**Task prompt**
Give back the entries exactly as they read, leaving each image out.

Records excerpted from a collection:
________________________
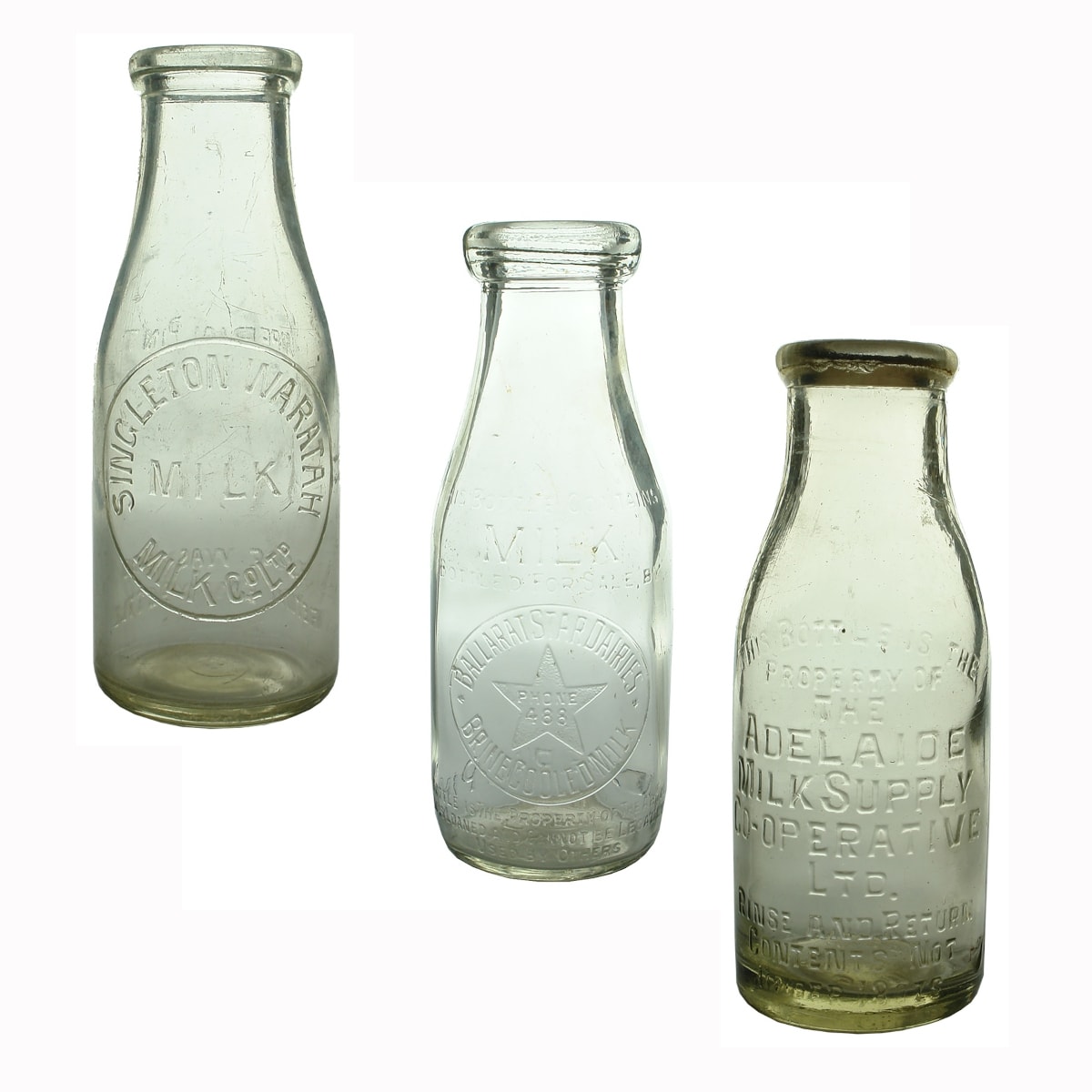 3 Milks: Singleton Waratah Milk Co Ltd; Ballarat Star Dairies. Base: 553; Adelaide Milk Supply Co-Operative Ltd.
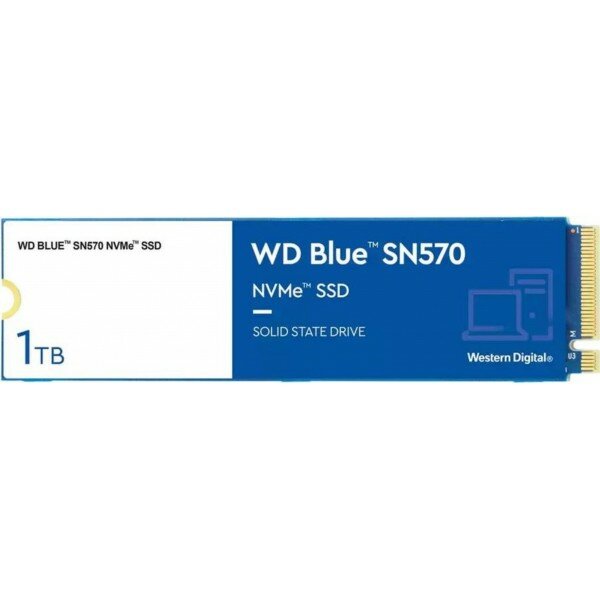 Твердотельный накопитель SSD Western Digital WD Blue SN570 WDS100T3B0C 1ТБ M2.2280 NVMe PCIe Gen3 8Gb/s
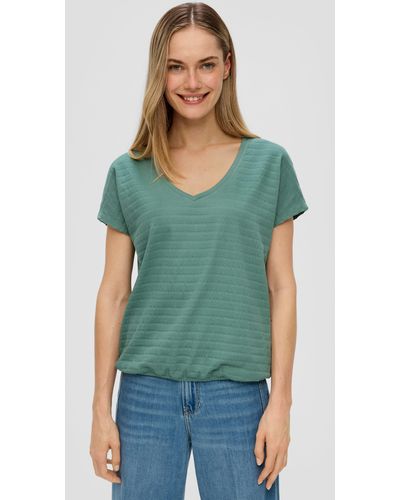 S.oliver Shirttop T-Shirt mit überschnittenen Schultern - Grün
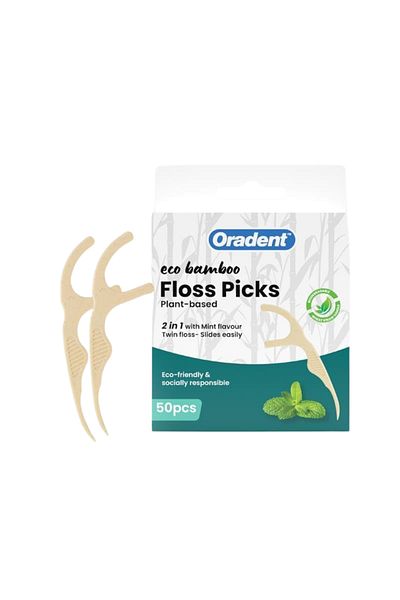 Oradent Eco Bamboo Floss Picks 50's, Mint Flavored Thread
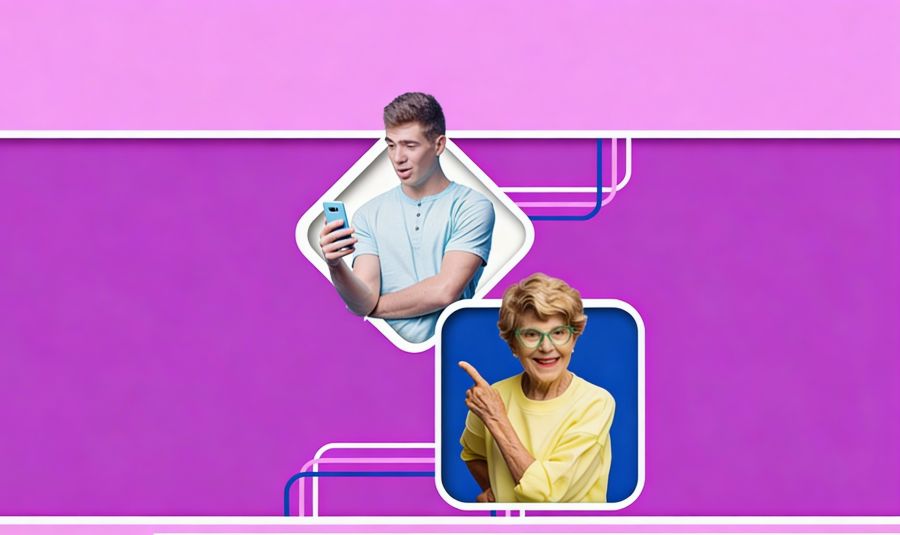 Uśmiechnięta seniorka i chłopak ze smartfonem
________________________
**Result of the task**
 3 Milks: Singleton Waratah Milk Co Ltd; Ballarat Star Dairies. Base: 553; Adelaide Milk Supply Co-Operative Ltd.
 Твердотельный накопитель SSD Western Digital WD Blue SN570 WDS100T3B0C 1ТБ M2.2280 NVMe PCIe Gen3 8Gb/s
 S.oliver Shirttop T-Shirt mit überschnittenen Schultern - Grün
 Oradent Eco Bamboo Floss Picks 50's, Mint Flavored Thread
 Uśmiechnięta seniorka i chłopak ze smartfonem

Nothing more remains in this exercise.